An independent store advocacy movement called the 3/50 project (more details at the350project.net) says that for every $100 spent in independently owned stores, $68 returns to the community. How? The community benefits through taxes, jobs, supplies, physical maintenance, local accountants, bankers, lawyers, insurance agents, IT support, web site creation, advertising designs and placements in local newspapers, radio, and television stations. Whew, that's the short list.
Consider also that independent retailers tend to pay more than minimum wage, valuing their good employees even as they value the health and well-being of their communities through charitable giving.
When one spends $100 in a national chain, $43 stays local. Spend it online and nothing comes home. That's correct, zero dollars are circulated in the local economy. Using a simple multiplier, for every $1 million an independent retailer earns, $680,000 returns to the community versus $430,000 from a big-box store and versus $0 from an online purchase.
Now we could quibble over those dollar numbers, but what is not arguable is the simple fact that independent stores contribute the most per dollar to the local economy, while big-box stores contribute less and online retail sales contribute nothing. Local businesses give back. Online E-tailers do not give back.
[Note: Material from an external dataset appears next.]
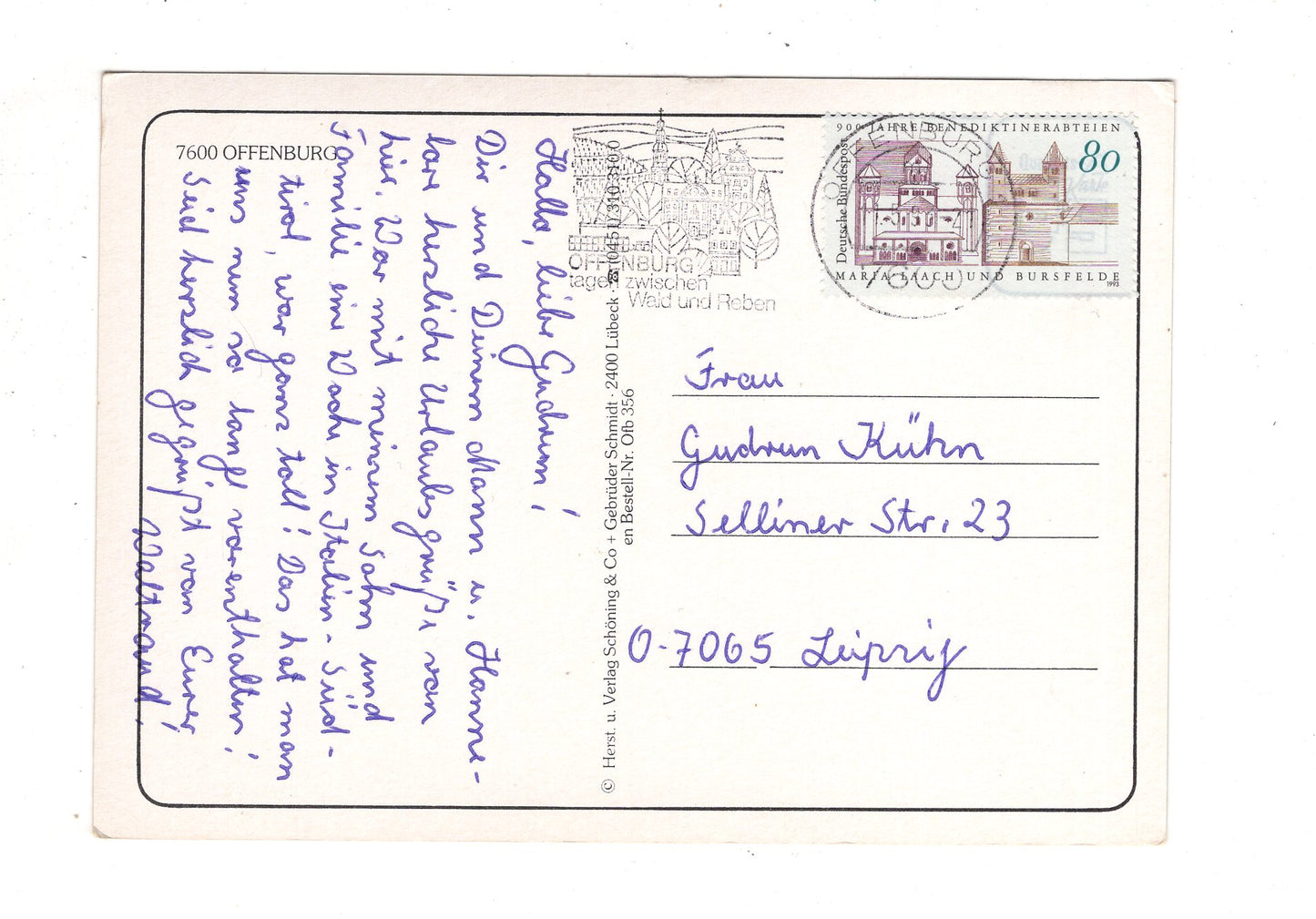 Ansichtskarte Offenburg / J1-70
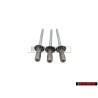 3x VW Original Rivet Aveugle - N 90437401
Independent retailers are committed to the cities they live in. We work hard to bring innovative, quality products that work for Alaskans. Whenever possible, we will feature Alaska-made products. Mega E-tailers such as Amazon and Google with no physical presence in Anchorage or Alaska have no interest in the quality of life in Anchorage. Their sole purpose is eliminating the competition as they stalk potential customers online.
The E-tailer drain is immediate and relevant. City budgets are tighter everywhere one looks: schools, city maintenance, police, fire, city employee salaries, city parks and recreation options and multiple city services.
Local economies across the country are searching for additional revenue, including our own. Yet Mayor Sullivan, as well as other politicians, cannot see the forest for the trees. One does not ask for more revenue from those who already make a difference and contribute the most per dollar. One should get revenue from those whose billions go toward creating even more devastation in local economies.
Imagine local retailers increasing, offering more selections and products never before available in a store in Anchorage. Imagine more entrepreneurial local business opportunities in this community because the playing field is level. Multiply the 1 million in sales by local retailers and imagine equally multiplying the resultant additional $680,000 circulating in Anchorage.
I admonish every lawmaker to address this growing inequity. I appeal to readers to support your local independent retailer. What is good for independent retailers -- the home players -- is good for Anchorage.
Lori Atrops is co-owner and manager of Habitat Housewares in Anchorage.